Anger is a natural reaction to a deeply disturbing and annoying set of circumstances. But over the last couple of years, our eyes have opened widely to the alternate universe full of alternative truths that America has now become. In this universe, anger is not for the oppressed and marginalized — it is reserved rather for rabid, deranged white males that seek to equalize this time of uprising and protest with white nationalist vigilantism. Doing so in all of its ‘Birth of a Nation’ heroism, similar to the Klansman crusading through on galloping horses to rid the land of the left.

Of course, the optics have evolved a little with the times. Enter Kyle Rittenhouse, the 17-year-old white male from Antioch, Illinois, facing multiple charges, including first-degree intentional homicide.

Rittenhouse is accused of killing two people and injuring a third during a Black Lives Matter protest in Kenosha, Wisconsin. These events followed the August 23 police shooting of Jacob Blake. The latest trend of countering a history of oppression with their own white male rage has just received a huge endorsement by none other than president Trump and a million dollar GoFundMe towards Rittenhouse’s legal fees.

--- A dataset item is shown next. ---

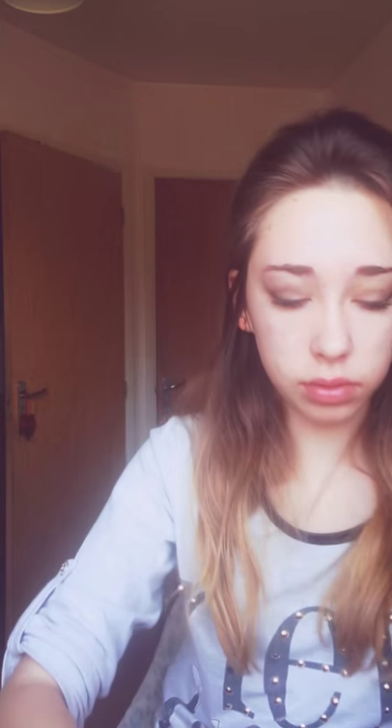I think we're done with the eyes. For my lips, I used these two lipsticks from Avon — they're like little ones. I also used this one. I used these three lipsticks and I'm kind of into nude colours.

And just like that, who gets to be angry in America becomes a whole lot clearer. It’s whoever aligns with an agenda of destructing the resistance.

To fully understand the extent of America’s issues, I realized that you must recognize not only which group of people benefit the most in America but also ask ourselves who gets to be angry in America? It’s in answering this that we get into the depth of the system and how much work actually needs to be done.

A rather glaring and overlooked foreshadowing came in the form of the movie Joker. Although a massive international success led by a huge following and a brilliant performance by Joaquin Phoenix, it just never sat right with me. Perhaps it was due to its Alt Right fandom. As a Black woman, I couldn’t help but ask myself, could I have gotten away with this? Could any Black man or woman in America? But I was admonished whenever I brought up the point and dismissed as not seeing the “universal” message. For me specifically, the way people responded to him bothered me. The sympathy. It bothered me.

Every time I brought these concerns up, I was told that Joker’s plight transcends race. But, society’s response to the pain and disenfranchisement of others (in real life) seldom, if ever, transcends race.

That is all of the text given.